FRANKFURT (Reuters) -Three major European truck manufacturers - Daimler (OTC:DDAIF) Trucks, AB Volvo and Traton - said on Monday they plan to form a joint venture (JV) to develop an electric battery-charging network for long-haul trucks and buses.
Charging infrastructure expansion has been a central hurdle to the mass adoption of battery-powered vehicles, with the lack of expansion fuelling so-called range anxiety, the fear of not having enough charging spots to make the trip.
"The key ingredient in the future rolling-out of electric vehicles will be the infrastructure. It will be the big bottleneck," Martin Daum, chief executive of Daimler Trucks, to be spun off from Daimler later this year, told Reuters.
The three companies, which are all building electric trucks and are normally competitors, will jointly invest 500 million euros ($593 million) in the venture that they will own equally and that will start operations in 2022.
"And thereafter we are very open in all directions to let other parties partner with us and actually bring equity into the joint venture," Traton CEO Matthias Gruendler said, adding he expected a lot of outside interest once the JV has been set up.
The aim is to install and operate at least 1,700 charging points within five years. The joint company will be based in Amsterdam and will over time seek further partners and public funding.

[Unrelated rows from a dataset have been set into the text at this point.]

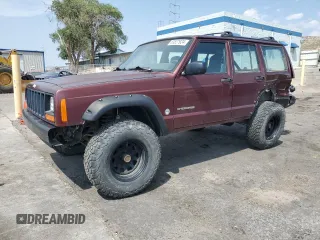2000 Jeep Cherokee SE with VIN 1J4FF28S9YL133208, listed as a Copart auction lot 63827924 with 0 mi miles and Salvage Title. Bid and sale history available at carsss.com. Image 1.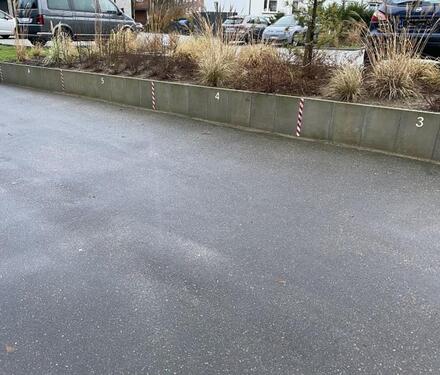 Foto - Itzehoe großzüg.Stellplatz - geschützter Hof keine Garage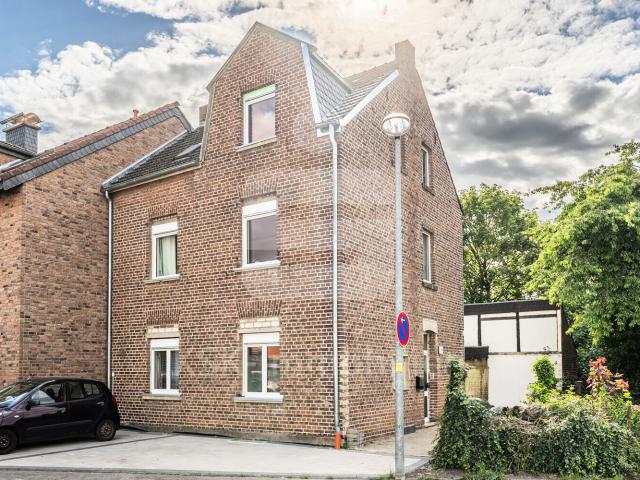 Haus mit Entwicklungspotenzial!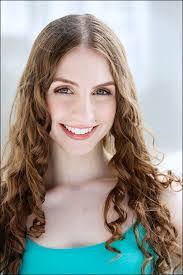 Robyn Frank's Instagram, Twitter & Facebook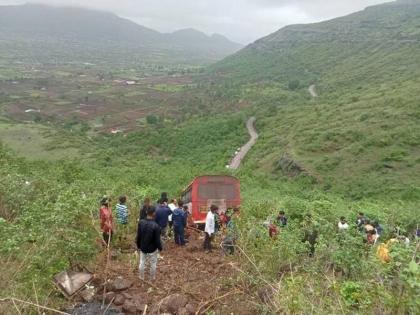 Fatal accident in Saptashringi Gad Ghat; Bus falls into 400 feet gorge, 1 woman killed, rescue operation underway | सप्तश्रृंगी गड घाटात भीषण अपघात;बस ४०० फूट दरीत कोसळली, १ महिला ठार, बचावकार्य सुरु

European car industry association ACEA has called for up to 50,000 high-performance charging points by 2030. Gruendler said that roughly 10 billion euros would be needed to build out Europe's infrastructure to be fully electrified by 2050.
"In order to accelerate further, we need additional partners, additional networks and public funds," AB Volvo CEO Martin Lundstedt said. "We will continue to be very fierce competitors. But we need a new platform to compete upon."